The Fed greatly reduced reserve requirements during the 1920s, expanding credit recklessly and generating a false prosperity that ended in the crash of 1929. People knew what the Fed was up to — manufacturing dollars out of thin air — and started a run on banks to pull their money out in the form of gold specie and certificates. When Roosevelt took office, he slammed the bank door in their faces, then later ordered them to return their gold. In 1933 he made the dollar a fiat currency domestically, but backed by gold internationally. 

Roosevelt also created the Federal Deposit Insurance Corporation (FDIC) in 1933, providing federal guarantee of bank deposits. Bank runs and the threat thereof have vanished, and most people believe this is good. As Lew Rockwell observes, the threat of bank runs used to "to keep wanton investing at bay," but the government-banking cartel views such restrictions "as against the national interest.
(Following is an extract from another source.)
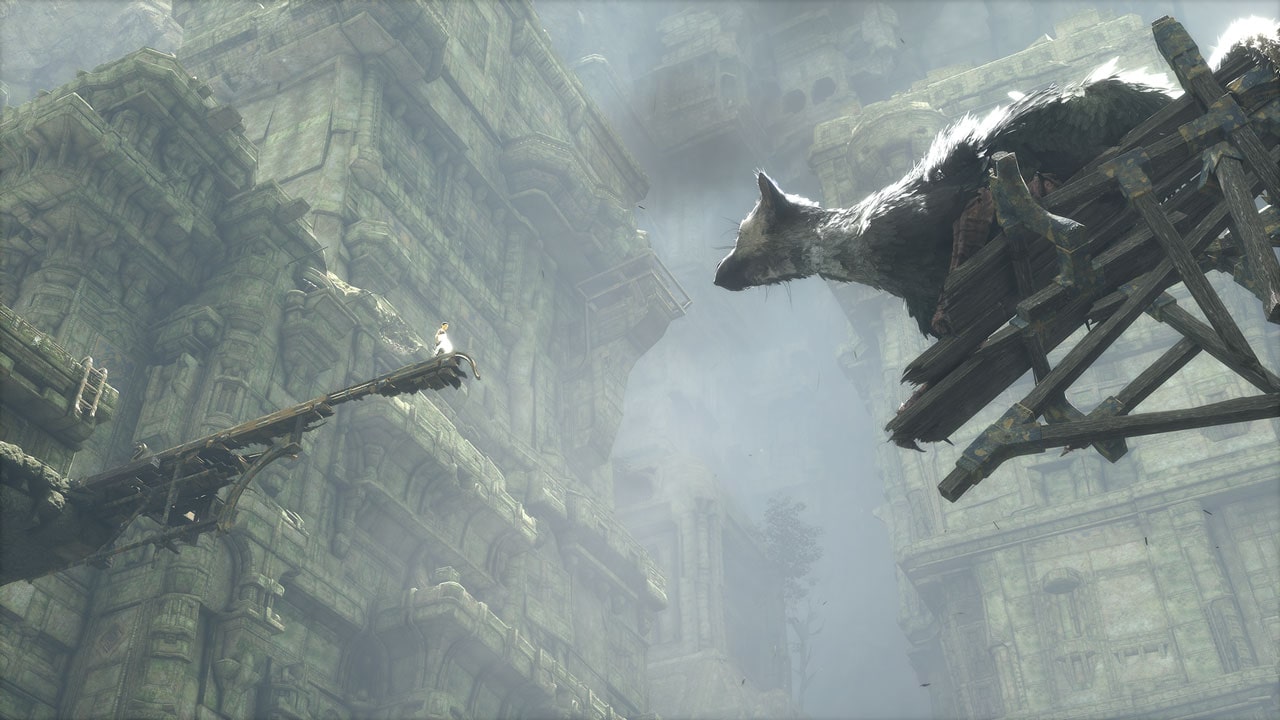 the last guardian playstation store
As a result, the [banking] industry is perpetually shaky, and the largest banks are a menace to public life itself." [9] 

Prior to 1929 the government had never intervened to help recovery from a recession. Previous administrations had let recessions run their course, and recovery, at the hands of the market, usually occurred in a year or less. Hoover, and then Roosevelt to a much greater degree, took the statist course and drove the economy into a prolonged depression. For his part, Roosevelt has been deified. 

The Fed, as the engine of inflation, bankrolls government wrong-doing. Its creation marked the first step in the destruction of sound money — a gold standard. As Ludwig von Mises wrote long ago, "Ideologically, [sound money] belongs in the same class with political constitutions and bills of rights."[10] In the name of civil liberty and civilization itself, the Fed should be abolished and a market-directed gold standard restored.